## Web page caption snippets
=====
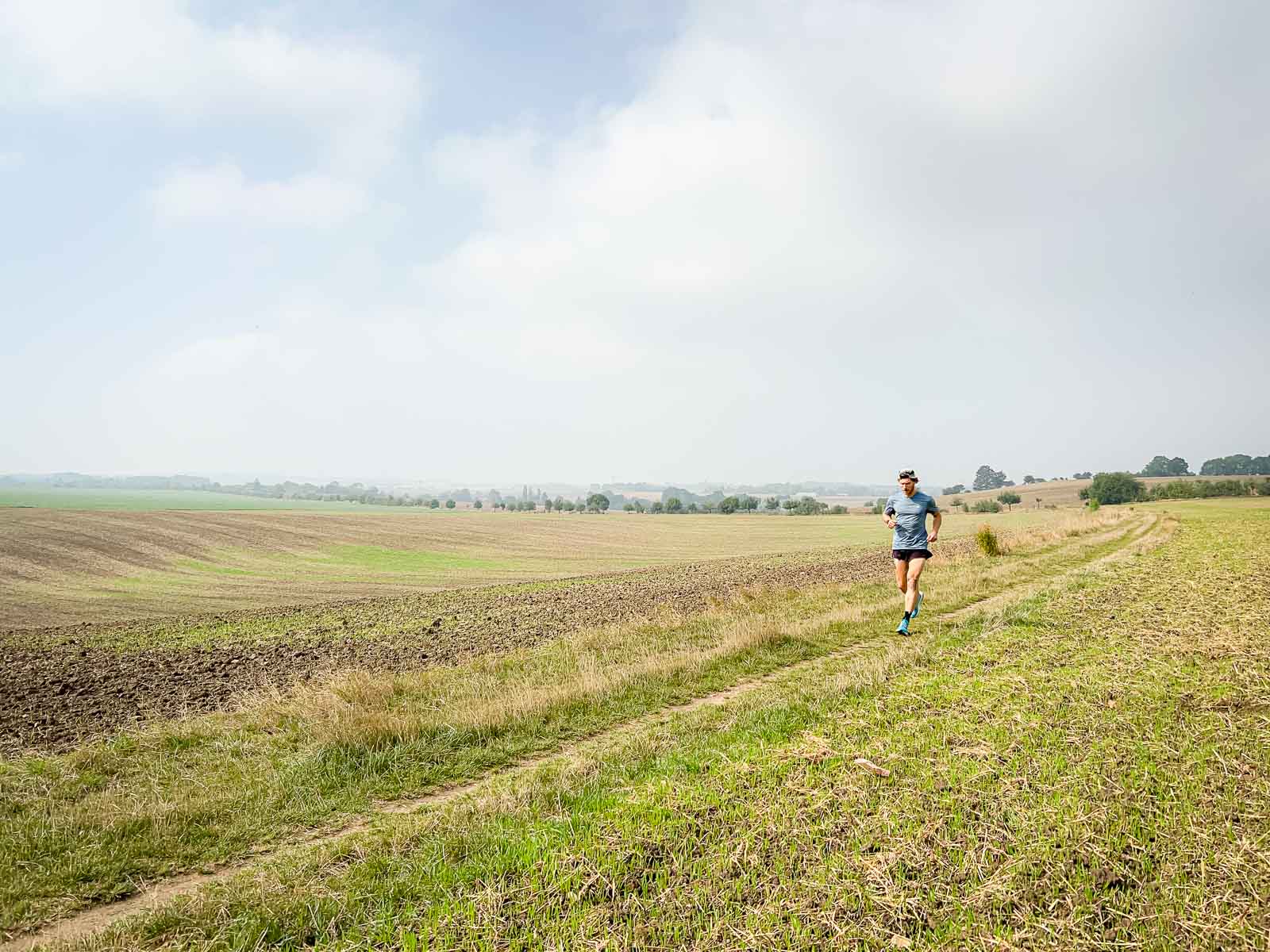 Lauftraining auf einem Feldweg – Weitläufige Landschaft für Ausdauerläufe. Ein Läufer läuft auf einem Feldweg in einer ländlichen Landschaft bei leicht bewölktem Himmel. Die Umgebung ist ruhig und weitläufig, perfekt für Ausdauertraining.
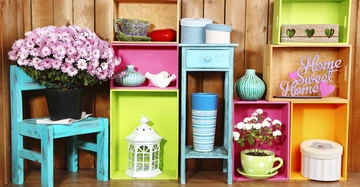 Blumen und Dekorationen platziert auf bunten Regalen und einem türkisfarbenen Stuhl vor einer Holzwand Die Regale enthalten Vasen Tassen Körbe und einen Schriftzug Home Sweet Home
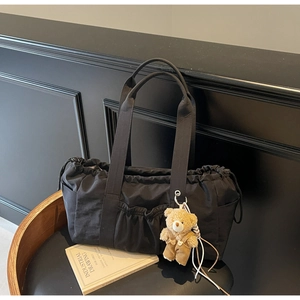 Detail of black canvas tote bag with drawstring closure and cute plush bear charm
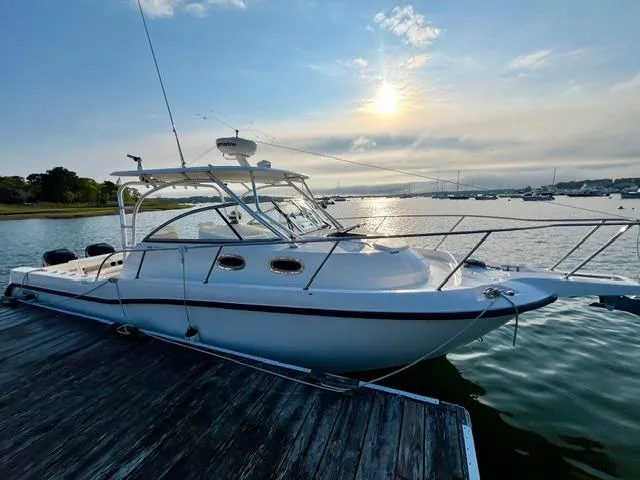  Yacht Photos Pics 2011 Boston Whaler 305 Conquest docked at sunset, calm waters, scenic view.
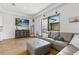 Bright living room featuring wood floors, tray ceiling, and a gray sectional sofa with a large window at 5119 Jones Rd, St Cloud, FL 34771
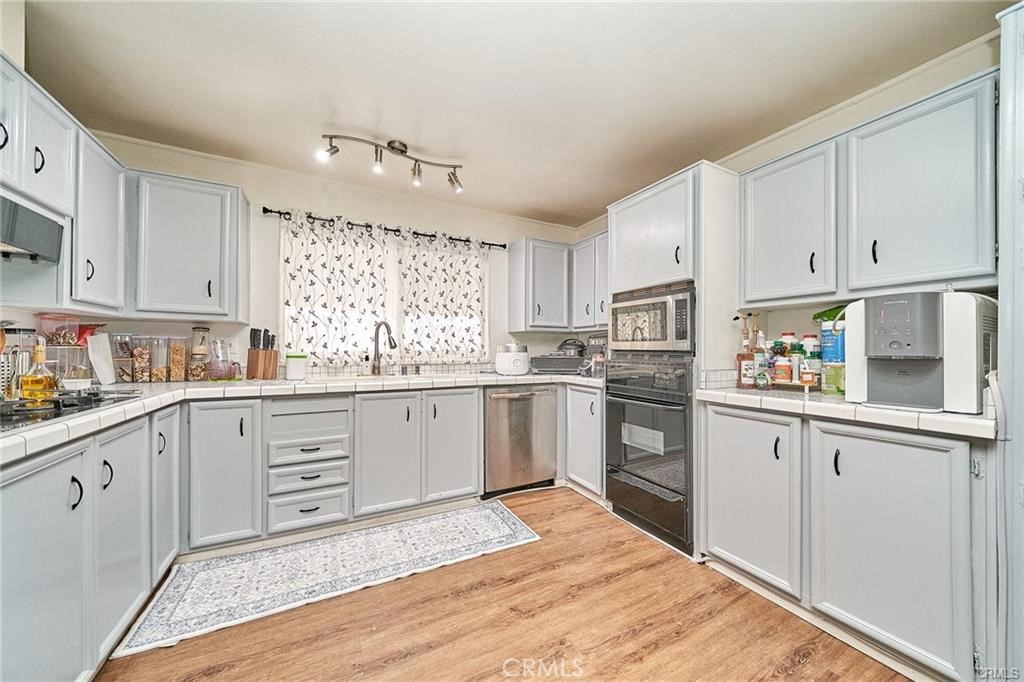 2601 East Victoria Street, Unit 394 Rancho Dominguez, CA 90220 - Photo 10 of 19 a kitchen with granite countertop white cabinets and white appliances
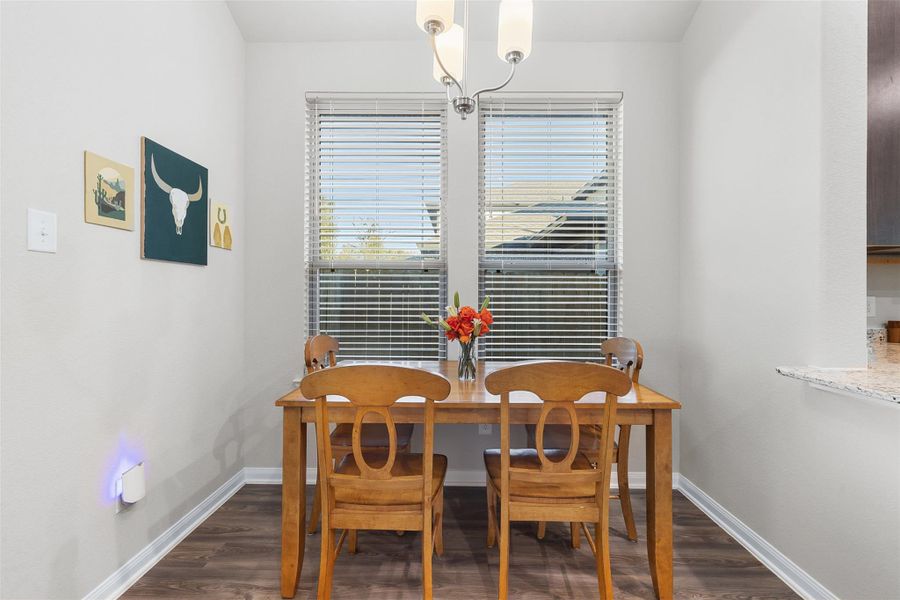 Bright dining area with large windows and modern light fixture.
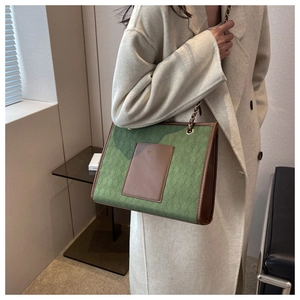 Détail du cabas vintage en daim matelassé vert avec bordures en cuir marron et chaîne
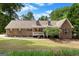 Charming brick home with dormer windows, mature trees, and a well-maintained front lawn at 116 Alexander Dr, Mcdonough, GA 30252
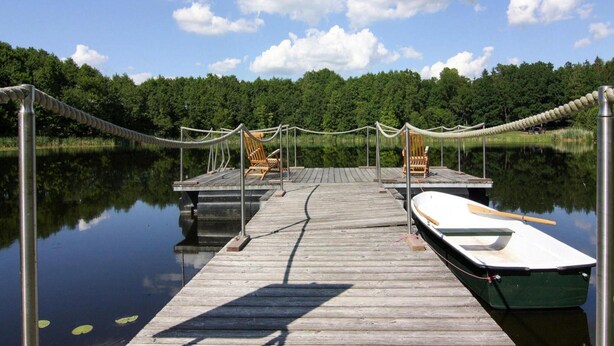 A wooden dock extending into calm water with two chairs and a boat moored at the end.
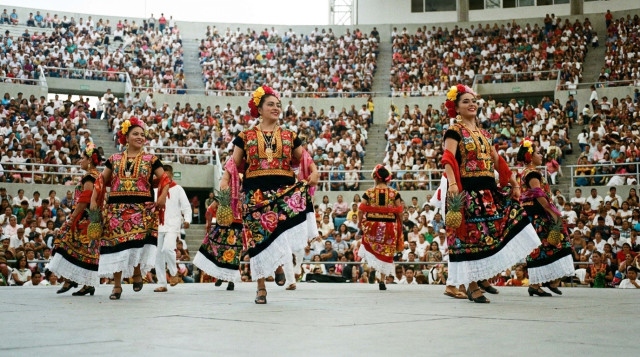 Bailarines de la delegación de la Cuenca del Papaloapan ejecutando la danza Flor de Piña en el Auditorio Guelaguetza de Oaxaca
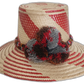 Handmade Wayuu straw hat with bold red diagonal weave and mixed pompoms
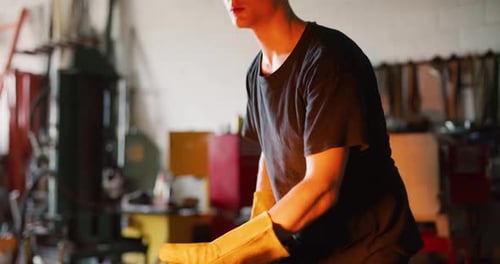 Professional metalsmith works red hot metal with tools in dark blacksmith workshop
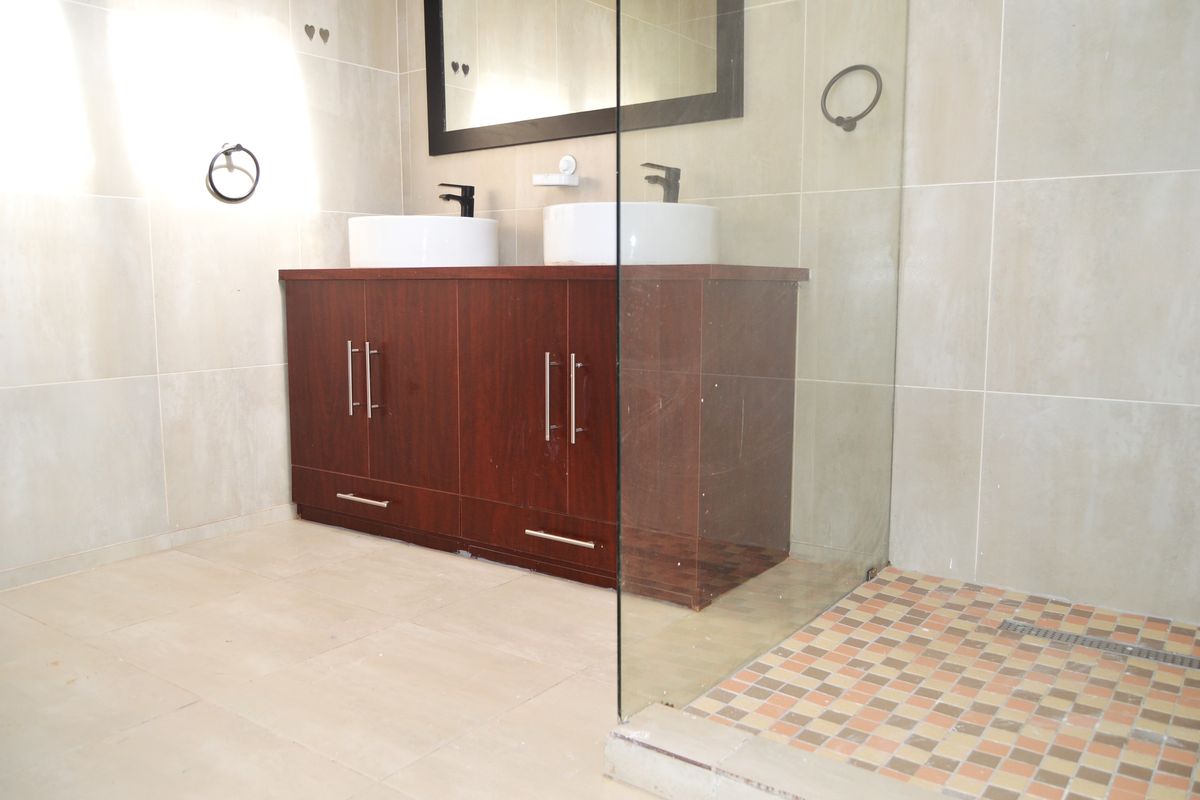 Modern bathroom featuring a double vanity with vessel sinks, a large wall mirror, and a walk-in shower with glass enclosure.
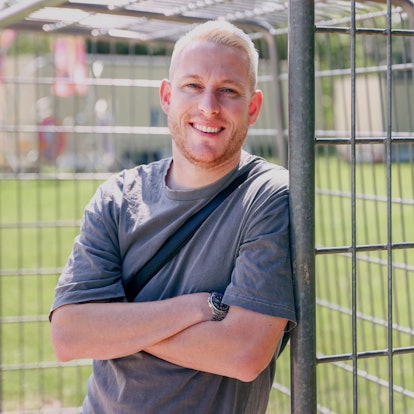 Ein Mann mit blonder Kurzhaarfrisur lehnt an einem Fußballtor in einer Grünanlage.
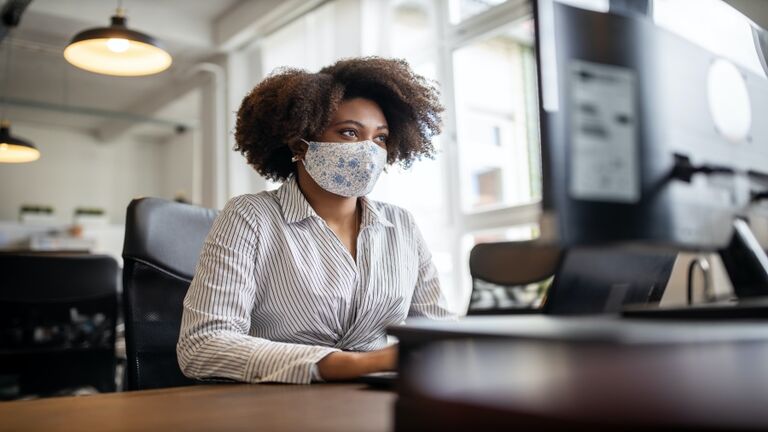 Businesswoman with face mask working at her desk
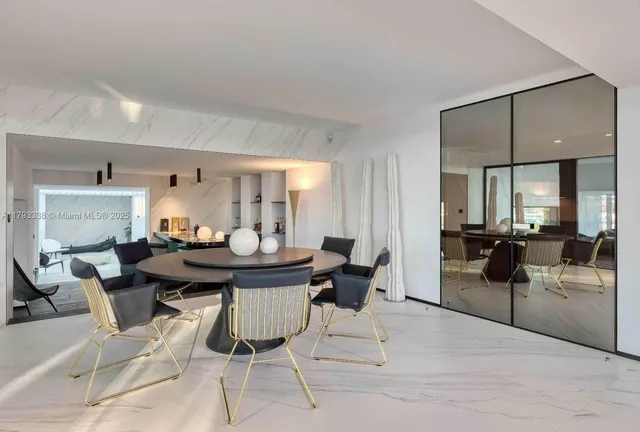 a kitchen with stainless steel appliances granite countertop a stove and a refrigerator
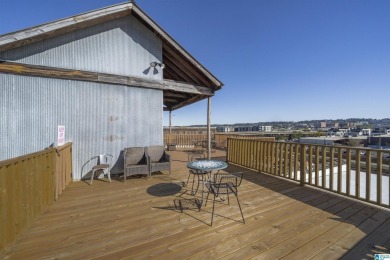 Exposed brick wall, floor to ceiling windows, exposed cedar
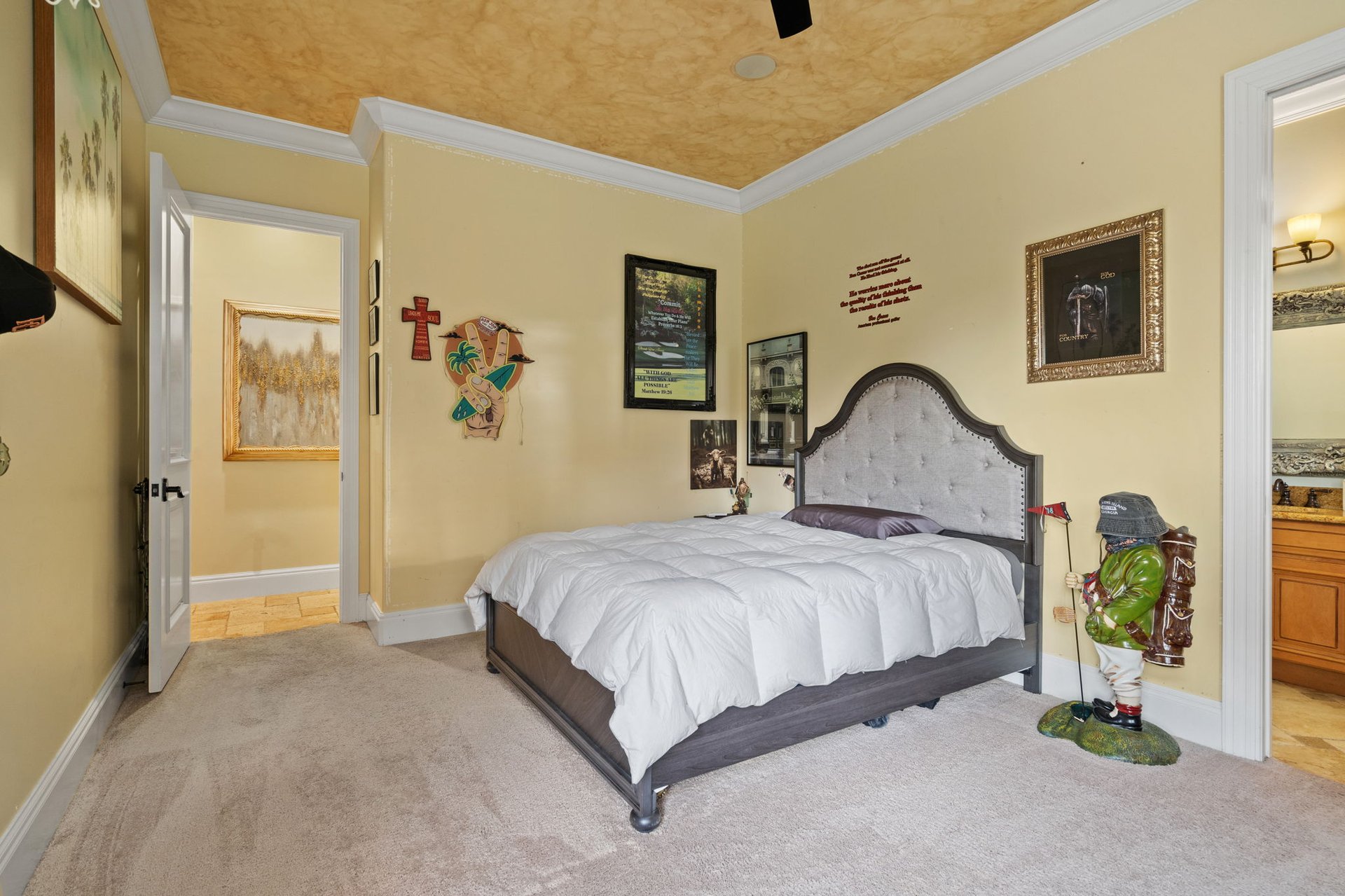 Furnished bedroom with a large bed, tufted gray headboard, textured gold ceiling, and decorative figurines.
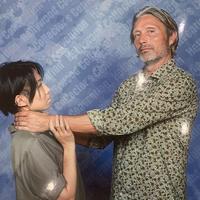 A photo of a fan requesting that Mads Mikkelsen choke them during a photo op.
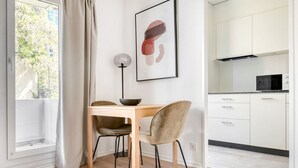 A modern kitchen with white cabinets, a black microwave, and a wooden dining table with two chairs. - Premium Iselin 1 Room w/ Storage, 1min to Local Market, by Blueground (Basel)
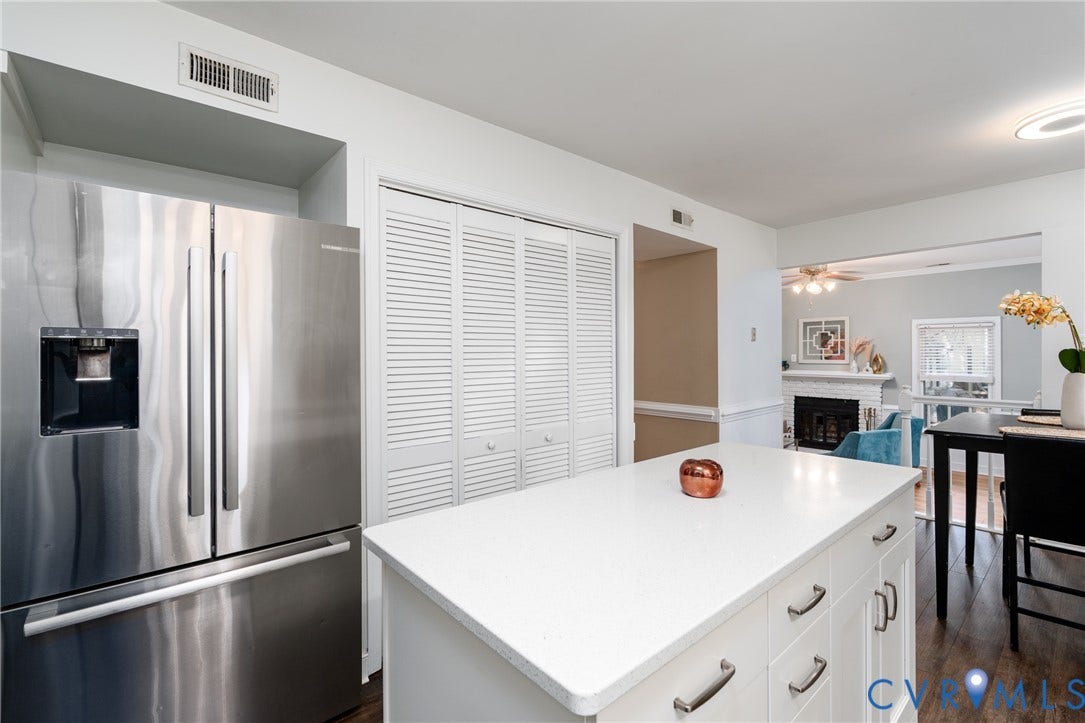 Stainless steel French door refrigerator, white kitchen island with integrated storage, white louvered bifold doors, recessed lighting, and wood-finish flooring.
=====
## What to do
The answer consists solely of the lines from the one holding "Businesswoman with face" through the last line of the entries above, set down verbatim, without any pictures.

## Output for this exercise
 Businesswoman with face mask working at her desk
 a kitchen with stainless steel appliances granite countertop a stove and a refrigerator
 Exposed brick wall, floor to ceiling windows, exposed cedar
 Furnished bedroom with a large bed, tufted gray headboard, textured gold ceiling, and decorative figurines.
 A photo of a fan requesting that Mads Mikkelsen choke them during a photo op.
 A modern kitchen with white cabinets, a black microwave, and a wooden dining table with two chairs. - Premium Iselin 1 Room w/ Storage, 1min to Local Market, by Blueground (Basel)
 Stainless steel French door refrigerator, white kitchen island with integrated storage, white louvered bifold doors, recessed lighting, and wood-finish flooring.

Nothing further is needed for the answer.